What the exercise asks: The listing is to be returned word for word, without its images.

Information supplied:
-- Opening Marker --

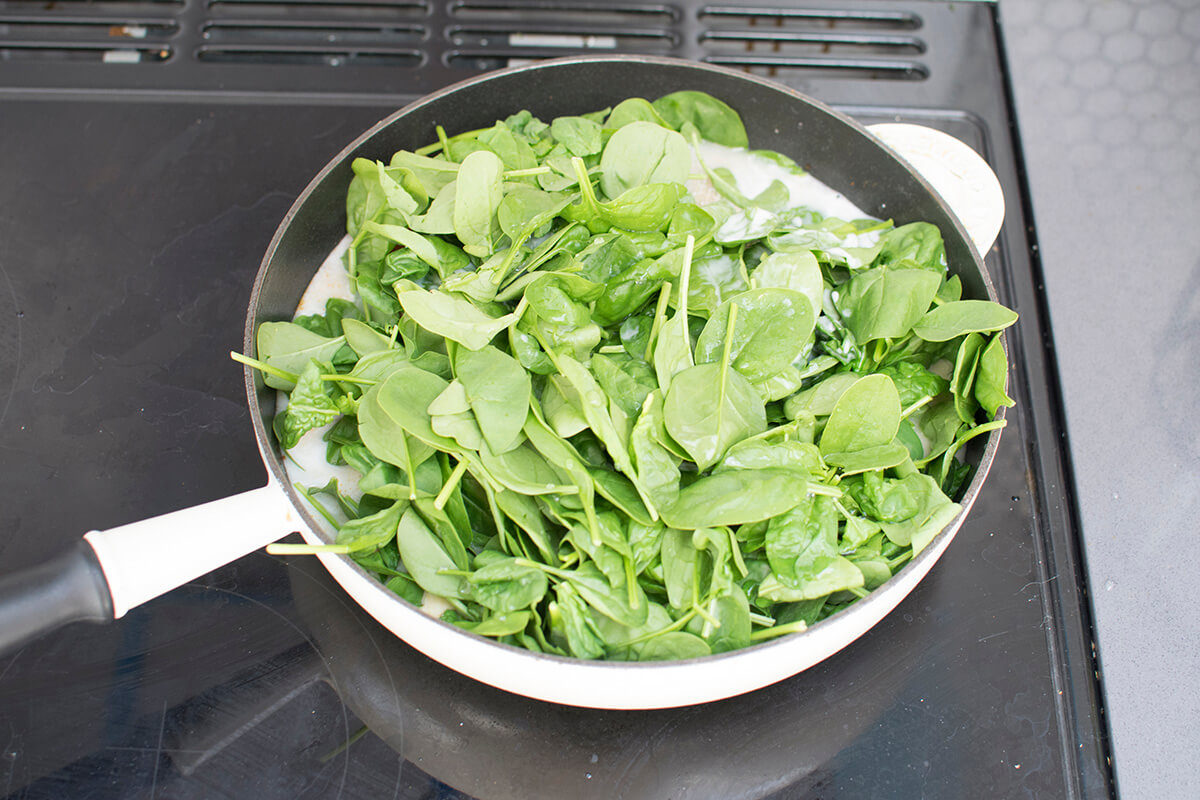 A saucepan with chopped tomatoes, coconut milk, stock and spinach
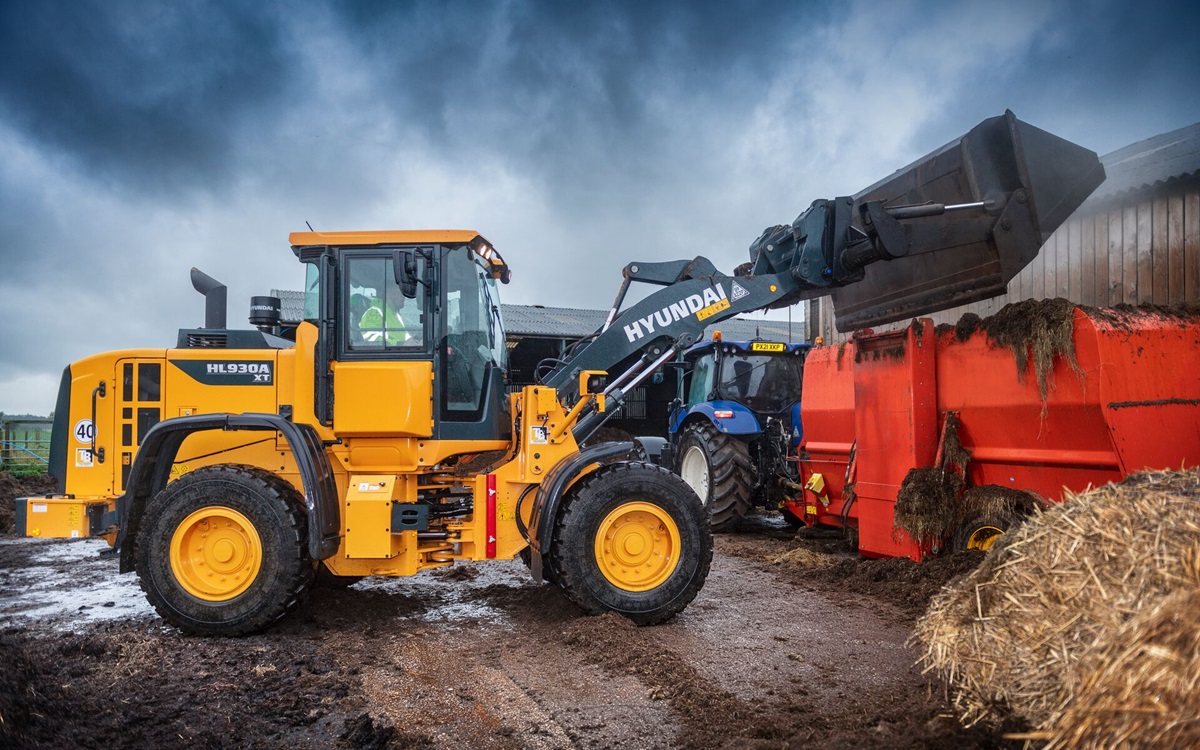 Chargeur sur pneus HD Hyundai HL930A déchargeant du matériel agricole dans une ferme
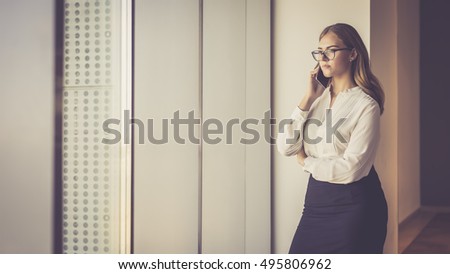 Young businesswoman standing near window and talking on cellphone.Girl in a black skirt and white blouse, standing at the window and talking on mobile phone. Young woman using digital gadget.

-- Closing Marker --

Output for this exercise:
 A saucepan with chopped tomatoes, coconut milk, stock and spinach
 Chargeur sur pneus HD Hyundai HL930A déchargeant du matériel agricole dans une ferme
 Young businesswoman standing near window and talking on cellphone.Girl in a black skirt and white blouse, standing at the window and talking on mobile phone. Young woman using digital gadget.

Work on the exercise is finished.